■ **EXERCISE OBJECTIVE**: Exactly the lines from the first line of the listing through the line containing "הזמנה מחוק.jpg" should appear in the output, unchanged.

■ **DATA FOR REVIEW**:
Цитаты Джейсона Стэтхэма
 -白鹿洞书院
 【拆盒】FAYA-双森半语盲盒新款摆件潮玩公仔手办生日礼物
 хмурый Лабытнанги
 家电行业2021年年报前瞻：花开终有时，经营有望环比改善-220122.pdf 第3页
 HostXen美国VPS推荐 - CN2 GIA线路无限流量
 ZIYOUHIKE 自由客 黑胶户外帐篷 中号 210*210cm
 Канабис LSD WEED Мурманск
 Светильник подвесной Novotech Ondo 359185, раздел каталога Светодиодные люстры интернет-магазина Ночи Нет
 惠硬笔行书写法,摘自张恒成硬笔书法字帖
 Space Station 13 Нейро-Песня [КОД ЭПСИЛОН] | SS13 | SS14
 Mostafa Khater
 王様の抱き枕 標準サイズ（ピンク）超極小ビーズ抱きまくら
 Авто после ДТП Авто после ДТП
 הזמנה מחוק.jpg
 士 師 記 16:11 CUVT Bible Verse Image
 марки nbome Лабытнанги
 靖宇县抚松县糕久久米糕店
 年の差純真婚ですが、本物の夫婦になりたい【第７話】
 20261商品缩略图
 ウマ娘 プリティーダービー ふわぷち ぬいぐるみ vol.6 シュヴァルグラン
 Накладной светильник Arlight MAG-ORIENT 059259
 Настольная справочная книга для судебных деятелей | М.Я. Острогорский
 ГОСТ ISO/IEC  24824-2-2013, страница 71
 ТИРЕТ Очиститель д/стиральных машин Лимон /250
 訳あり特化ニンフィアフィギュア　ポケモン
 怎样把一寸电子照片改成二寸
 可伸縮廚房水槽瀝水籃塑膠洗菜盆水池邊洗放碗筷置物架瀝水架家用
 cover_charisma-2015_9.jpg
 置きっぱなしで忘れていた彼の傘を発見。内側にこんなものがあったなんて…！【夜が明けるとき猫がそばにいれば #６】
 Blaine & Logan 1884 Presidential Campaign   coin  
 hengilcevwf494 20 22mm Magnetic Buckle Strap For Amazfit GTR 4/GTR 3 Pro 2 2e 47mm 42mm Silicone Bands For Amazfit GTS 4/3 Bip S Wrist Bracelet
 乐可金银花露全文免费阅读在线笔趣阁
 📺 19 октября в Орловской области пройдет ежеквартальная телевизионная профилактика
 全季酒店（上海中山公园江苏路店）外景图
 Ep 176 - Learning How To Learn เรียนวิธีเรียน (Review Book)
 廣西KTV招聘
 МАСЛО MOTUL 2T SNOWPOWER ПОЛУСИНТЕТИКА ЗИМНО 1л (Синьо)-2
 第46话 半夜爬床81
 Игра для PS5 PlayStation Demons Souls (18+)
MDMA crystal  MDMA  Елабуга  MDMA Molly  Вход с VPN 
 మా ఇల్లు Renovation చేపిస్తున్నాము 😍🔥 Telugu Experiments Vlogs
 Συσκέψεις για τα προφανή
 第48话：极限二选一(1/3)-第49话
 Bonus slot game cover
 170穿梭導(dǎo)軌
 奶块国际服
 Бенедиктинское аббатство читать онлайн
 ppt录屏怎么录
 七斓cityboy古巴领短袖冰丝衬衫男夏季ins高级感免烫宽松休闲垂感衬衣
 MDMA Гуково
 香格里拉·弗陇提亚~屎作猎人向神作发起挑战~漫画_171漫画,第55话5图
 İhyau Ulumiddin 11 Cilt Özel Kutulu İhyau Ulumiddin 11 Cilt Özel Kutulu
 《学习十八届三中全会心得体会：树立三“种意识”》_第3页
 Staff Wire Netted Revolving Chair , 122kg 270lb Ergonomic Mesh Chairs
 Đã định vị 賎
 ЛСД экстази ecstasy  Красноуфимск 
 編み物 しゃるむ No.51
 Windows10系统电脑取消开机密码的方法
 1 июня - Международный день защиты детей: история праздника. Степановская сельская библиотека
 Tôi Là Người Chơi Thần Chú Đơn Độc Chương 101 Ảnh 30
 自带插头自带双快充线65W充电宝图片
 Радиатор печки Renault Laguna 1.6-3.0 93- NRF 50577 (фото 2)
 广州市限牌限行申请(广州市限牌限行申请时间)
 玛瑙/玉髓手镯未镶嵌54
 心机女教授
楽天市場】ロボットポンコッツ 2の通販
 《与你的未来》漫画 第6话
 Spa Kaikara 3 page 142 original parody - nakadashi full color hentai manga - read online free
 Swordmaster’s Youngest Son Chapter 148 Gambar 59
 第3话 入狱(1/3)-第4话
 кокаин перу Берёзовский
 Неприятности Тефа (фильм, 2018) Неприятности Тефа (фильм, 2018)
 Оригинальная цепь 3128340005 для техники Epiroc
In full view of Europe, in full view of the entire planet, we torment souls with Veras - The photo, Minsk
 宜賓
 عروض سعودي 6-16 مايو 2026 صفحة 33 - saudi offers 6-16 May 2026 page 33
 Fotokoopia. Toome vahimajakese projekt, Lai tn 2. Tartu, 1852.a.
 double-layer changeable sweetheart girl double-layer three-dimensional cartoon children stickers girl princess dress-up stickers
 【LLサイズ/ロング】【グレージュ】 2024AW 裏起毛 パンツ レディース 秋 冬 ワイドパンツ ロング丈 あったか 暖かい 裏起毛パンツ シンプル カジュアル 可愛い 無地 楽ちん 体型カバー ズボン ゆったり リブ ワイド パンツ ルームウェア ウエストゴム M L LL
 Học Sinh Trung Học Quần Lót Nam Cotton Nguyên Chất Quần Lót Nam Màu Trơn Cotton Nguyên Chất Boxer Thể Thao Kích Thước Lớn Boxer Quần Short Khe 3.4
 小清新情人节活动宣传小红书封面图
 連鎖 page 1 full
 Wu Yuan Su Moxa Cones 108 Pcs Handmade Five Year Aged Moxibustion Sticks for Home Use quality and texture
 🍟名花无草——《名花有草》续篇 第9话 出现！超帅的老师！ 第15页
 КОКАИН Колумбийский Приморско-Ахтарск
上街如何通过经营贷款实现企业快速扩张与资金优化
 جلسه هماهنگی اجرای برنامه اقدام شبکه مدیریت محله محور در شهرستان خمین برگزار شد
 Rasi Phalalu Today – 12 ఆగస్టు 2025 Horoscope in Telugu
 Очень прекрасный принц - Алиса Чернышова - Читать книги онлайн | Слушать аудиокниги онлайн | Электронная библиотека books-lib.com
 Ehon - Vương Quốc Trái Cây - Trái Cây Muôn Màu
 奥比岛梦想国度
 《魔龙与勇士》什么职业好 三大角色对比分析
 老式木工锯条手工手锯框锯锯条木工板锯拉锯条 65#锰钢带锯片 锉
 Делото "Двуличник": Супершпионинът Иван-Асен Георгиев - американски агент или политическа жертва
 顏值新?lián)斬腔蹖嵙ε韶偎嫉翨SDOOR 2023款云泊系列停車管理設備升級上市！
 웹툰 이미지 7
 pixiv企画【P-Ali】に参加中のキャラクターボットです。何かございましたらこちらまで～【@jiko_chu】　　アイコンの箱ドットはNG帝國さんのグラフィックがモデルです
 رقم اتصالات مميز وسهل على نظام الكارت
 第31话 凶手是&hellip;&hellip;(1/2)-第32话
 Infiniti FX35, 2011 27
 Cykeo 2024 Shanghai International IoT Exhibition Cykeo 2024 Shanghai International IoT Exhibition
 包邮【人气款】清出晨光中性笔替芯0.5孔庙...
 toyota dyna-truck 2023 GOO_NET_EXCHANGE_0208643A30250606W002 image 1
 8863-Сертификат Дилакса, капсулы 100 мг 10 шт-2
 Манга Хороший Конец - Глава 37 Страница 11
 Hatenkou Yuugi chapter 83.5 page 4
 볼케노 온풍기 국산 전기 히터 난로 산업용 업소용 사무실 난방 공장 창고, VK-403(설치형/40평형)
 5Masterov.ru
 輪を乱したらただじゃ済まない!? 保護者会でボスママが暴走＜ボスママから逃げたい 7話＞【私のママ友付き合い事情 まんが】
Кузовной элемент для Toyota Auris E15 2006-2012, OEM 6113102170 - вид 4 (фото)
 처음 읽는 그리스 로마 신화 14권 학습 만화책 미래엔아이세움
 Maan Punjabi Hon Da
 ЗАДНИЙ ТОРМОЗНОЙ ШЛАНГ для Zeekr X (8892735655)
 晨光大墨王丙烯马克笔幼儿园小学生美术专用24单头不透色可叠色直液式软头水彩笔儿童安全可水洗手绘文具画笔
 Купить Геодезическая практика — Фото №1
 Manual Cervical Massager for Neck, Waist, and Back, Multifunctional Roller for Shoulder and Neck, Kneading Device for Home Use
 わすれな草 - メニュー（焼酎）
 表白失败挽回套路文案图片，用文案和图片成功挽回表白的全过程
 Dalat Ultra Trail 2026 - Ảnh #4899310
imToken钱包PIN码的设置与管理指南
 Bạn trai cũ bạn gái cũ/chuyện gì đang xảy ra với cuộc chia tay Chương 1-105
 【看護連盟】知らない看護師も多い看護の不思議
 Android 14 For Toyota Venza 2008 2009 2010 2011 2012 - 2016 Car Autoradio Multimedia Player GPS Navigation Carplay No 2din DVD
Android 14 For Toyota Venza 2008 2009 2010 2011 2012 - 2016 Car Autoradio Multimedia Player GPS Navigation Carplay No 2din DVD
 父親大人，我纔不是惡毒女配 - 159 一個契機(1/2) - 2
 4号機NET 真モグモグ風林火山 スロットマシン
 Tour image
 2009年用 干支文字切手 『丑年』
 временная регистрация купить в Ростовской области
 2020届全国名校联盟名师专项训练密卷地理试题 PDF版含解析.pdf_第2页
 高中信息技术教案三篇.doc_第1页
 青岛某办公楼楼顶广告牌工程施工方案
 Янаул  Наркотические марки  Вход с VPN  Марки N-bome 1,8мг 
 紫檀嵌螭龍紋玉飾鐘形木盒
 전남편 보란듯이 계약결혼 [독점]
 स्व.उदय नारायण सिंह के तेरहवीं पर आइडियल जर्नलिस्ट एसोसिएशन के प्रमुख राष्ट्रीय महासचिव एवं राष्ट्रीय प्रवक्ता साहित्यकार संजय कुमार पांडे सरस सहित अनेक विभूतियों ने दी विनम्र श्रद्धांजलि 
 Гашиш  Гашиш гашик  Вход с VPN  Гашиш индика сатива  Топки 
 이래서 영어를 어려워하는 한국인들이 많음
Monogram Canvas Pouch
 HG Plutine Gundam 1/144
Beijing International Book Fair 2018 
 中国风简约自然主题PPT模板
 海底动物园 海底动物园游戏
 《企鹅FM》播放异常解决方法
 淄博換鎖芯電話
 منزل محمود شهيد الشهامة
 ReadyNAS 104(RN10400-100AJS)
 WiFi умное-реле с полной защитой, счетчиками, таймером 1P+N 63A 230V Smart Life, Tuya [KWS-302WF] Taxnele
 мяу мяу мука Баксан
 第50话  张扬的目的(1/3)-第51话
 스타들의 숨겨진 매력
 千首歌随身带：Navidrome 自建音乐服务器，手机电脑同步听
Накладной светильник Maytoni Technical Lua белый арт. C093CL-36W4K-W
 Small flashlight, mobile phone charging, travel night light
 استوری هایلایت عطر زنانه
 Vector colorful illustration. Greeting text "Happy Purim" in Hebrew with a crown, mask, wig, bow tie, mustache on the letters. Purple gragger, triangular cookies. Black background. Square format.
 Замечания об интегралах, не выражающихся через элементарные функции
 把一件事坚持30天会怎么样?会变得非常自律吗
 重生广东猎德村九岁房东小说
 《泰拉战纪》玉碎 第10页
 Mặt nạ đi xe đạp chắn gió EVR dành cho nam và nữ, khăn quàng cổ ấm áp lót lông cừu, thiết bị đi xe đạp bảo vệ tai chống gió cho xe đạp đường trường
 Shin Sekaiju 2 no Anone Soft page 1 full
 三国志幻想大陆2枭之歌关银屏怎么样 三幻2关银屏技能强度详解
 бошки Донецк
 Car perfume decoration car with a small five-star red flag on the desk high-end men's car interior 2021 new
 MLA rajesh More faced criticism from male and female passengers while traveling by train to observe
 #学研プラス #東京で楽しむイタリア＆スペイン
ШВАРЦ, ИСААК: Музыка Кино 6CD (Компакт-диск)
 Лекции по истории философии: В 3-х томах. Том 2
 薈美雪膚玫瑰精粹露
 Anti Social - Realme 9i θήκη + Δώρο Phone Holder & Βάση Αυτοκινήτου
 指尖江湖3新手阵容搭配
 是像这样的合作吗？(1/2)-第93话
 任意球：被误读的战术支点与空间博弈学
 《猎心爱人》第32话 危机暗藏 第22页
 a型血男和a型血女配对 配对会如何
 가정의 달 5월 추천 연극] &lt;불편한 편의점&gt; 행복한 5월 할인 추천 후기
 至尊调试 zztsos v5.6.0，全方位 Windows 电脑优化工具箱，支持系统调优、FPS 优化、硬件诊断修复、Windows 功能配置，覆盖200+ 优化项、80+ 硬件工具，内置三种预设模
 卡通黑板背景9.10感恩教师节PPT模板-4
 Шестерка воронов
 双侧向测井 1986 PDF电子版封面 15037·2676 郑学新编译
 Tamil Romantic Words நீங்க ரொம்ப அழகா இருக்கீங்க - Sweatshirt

■ **WRITTEN ANSWER**:
Цитаты Джейсона Стэтхэма
 -白鹿洞书院
 【拆盒】FAYA-双森半语盲盒新款摆件潮玩公仔手办生日礼物
 хмурый Лабытнанги
 家电行业2021年年报前瞻：花开终有时，经营有望环比改善-220122.pdf 第3页
 HostXen美国VPS推荐 - CN2 GIA线路无限流量
 ZIYOUHIKE 自由客 黑胶户外帐篷 中号 210*210cm
 Канабис LSD WEED Мурманск
 Светильник подвесной Novotech Ondo 359185, раздел каталога Светодиодные люстры интернет-магазина Ночи Нет
 惠硬笔行书写法,摘自张恒成硬笔书法字帖
 Space Station 13 Нейро-Песня [КОД ЭПСИЛОН] | SS13 | SS14
 Mostafa Khater
 王様の抱き枕 標準サイズ（ピンク）超極小ビーズ抱きまくら
 Авто после ДТП Авто после ДТП
 הזמנה מחוק.jpg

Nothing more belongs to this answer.